5. Create Vertex AI tensorboard instance

In [None]:
# Create tensorboard instance
from google.cloud import aiplatform

def create_tensorboard_sample(
    project: str,
    display_name: str,
    location: str,
):
    aiplatform.init(project=project, location=location)
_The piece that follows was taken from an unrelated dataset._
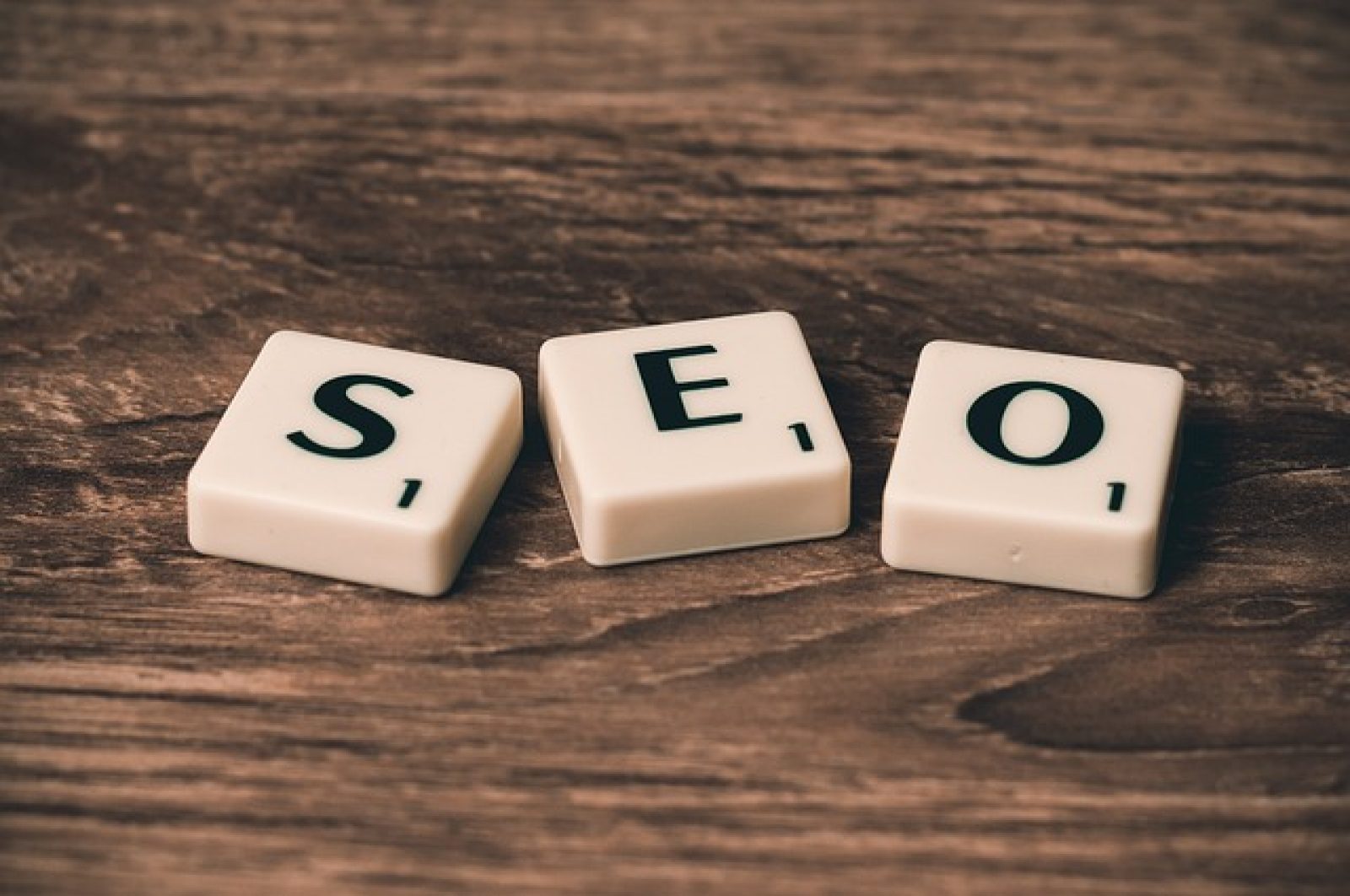 SEO benefits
    tensorboard = aiplatform.Tensorboard.create(
        display_name=display_name,
        project=project,
        location=location,
    )

    print(tensorboard.resource_name)
    return tensorboard.resource_name

In [None]:
# input Vertex AI tensorboard instance id, example projects/<project_number>/locations/<region>/tensorboards/<tensorboard_instance_id>
# TENSORBOARD= <TENSORBOARD_INSTANCE_ID> # @param {type:"string"}
TENSORBOARD = create_tensorboard_sample(project=PROJECT_ID, display_name=TENSORBOARD_DISPLAY_NAME, location=REGION)

6. Build custom training image

In [None]:
# create google cloud docker image artifact registry
from google.cloud import artifactregistry_v1
from google.cloud.artifactregistry_v1.types import Repository

def create_docker_image_repository(repo_name: str, project_id: str, location: str):
    # Create a client
    client = artifactregistry_v1.ArtifactRegistryClient()
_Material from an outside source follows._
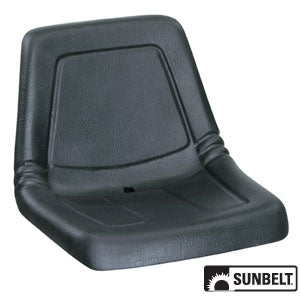Deluxe High-Back Seat (SE115)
    # Initialize Repository
    name = f"projects/{project_id}/locations/{location}/repositories/{repo_name}"
    repository = Repository(name=name, format_=Repository.Format.DOCKER)

    # Initialize request argument(s)
    parent_value = f"projects/{project_id}/locations/{location}"
    request = artifactregistry_v1.CreateRepositoryRequest(
        parent=parent_value,
        repository_id=repo_name,
        repository=repository,
    )

    # Make the request
    operation = client.create_repository(request=request)

    print("Waiting for operation to complete...")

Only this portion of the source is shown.